Prediction and Quantification of Individual Athletic Performance
MFO Scientific ProgramOWLF 2014
Blythe, Duncan A. J.
Király, Franz J.
We present a novel, quantitative view on the human athletic performance of individuals. We obtain a predictor for athletic running performances, a parsimonious model, and a training state summary consisting of three numbers, by application of modern validation techniques and recent advances in machine learning to the thepowerof10 database of British athletes’ performances (164,746 individuals, 1,417,432 performances). Our predictor achieves a low average prediction error (out-of-sample), e.g., 3.6 min on elite Marathon performances, and a lower error than the state-of-the-art in performance prediction (30% improvement, RMSE). We are also the first to report on a systematic comparison of predictors for athletic running performance.
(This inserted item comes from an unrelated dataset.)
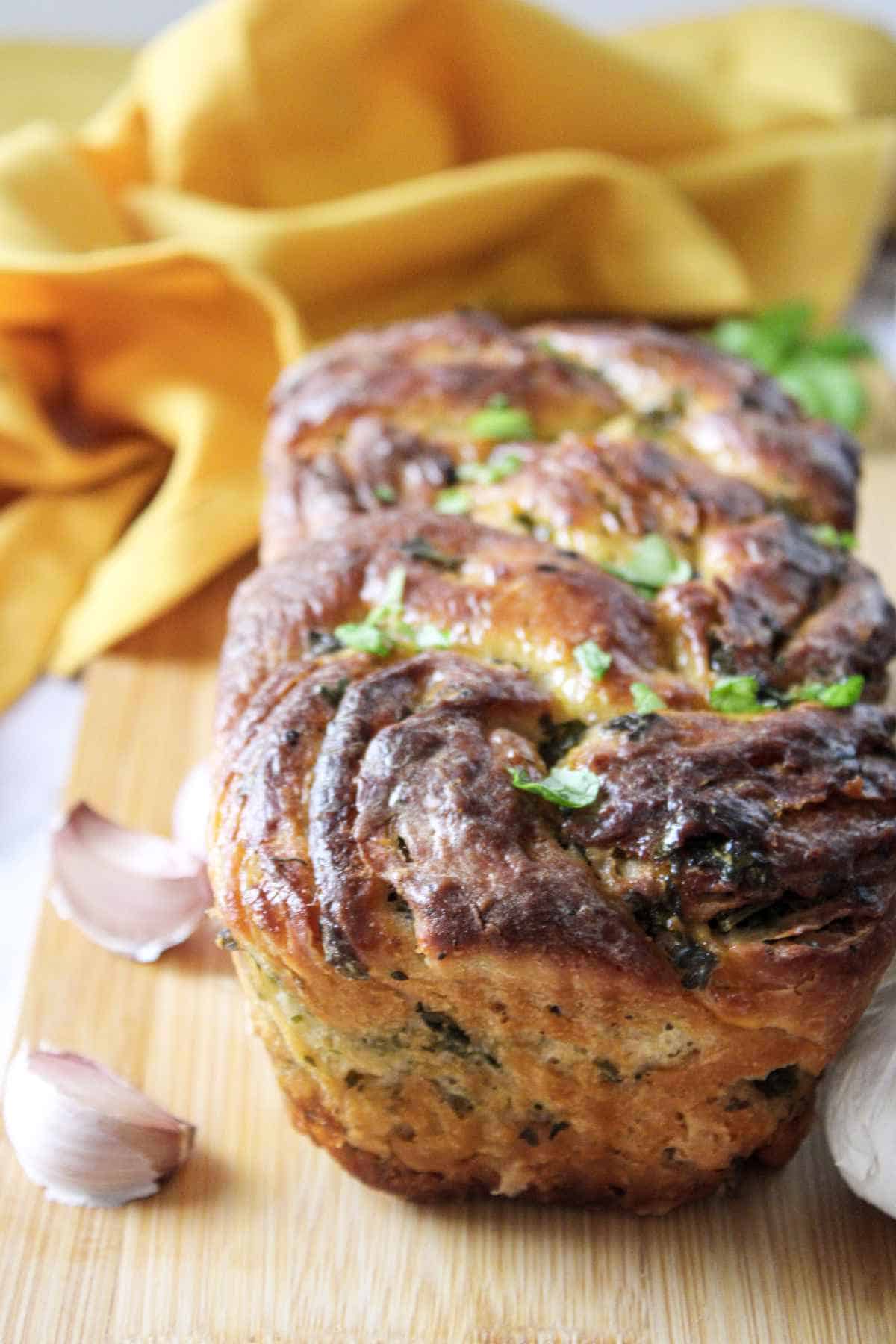 loaf of fresh baked twisted garlic bread on a wood cutting board.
Our model has three parameters per athlete, and three components which are the same for all athletes. The first component of the model corresponds to a power law with exponent dependent on the athlete which achieves a better goodness-of-fit than known power laws in athletics. Many documented phenomena in quantitative sports science, such as the form of scoring tables, the success of existing prediction methods including Riegel’s formula, the Purdy points scheme, the power law for world records performances and the broken power law for world record speeds may be explained on the basis of our findings in a unified way. We provide strong evidence that the three parameters per athlete are related to physiological and/or behavioural parameters, such as training state, event specialization and age, which allows us to derive novel physiological hypotheses relating to athletic performance. We conjecture on this basis that our findings will be vital in exercise physiology, race planning, the study of aging and training regime design.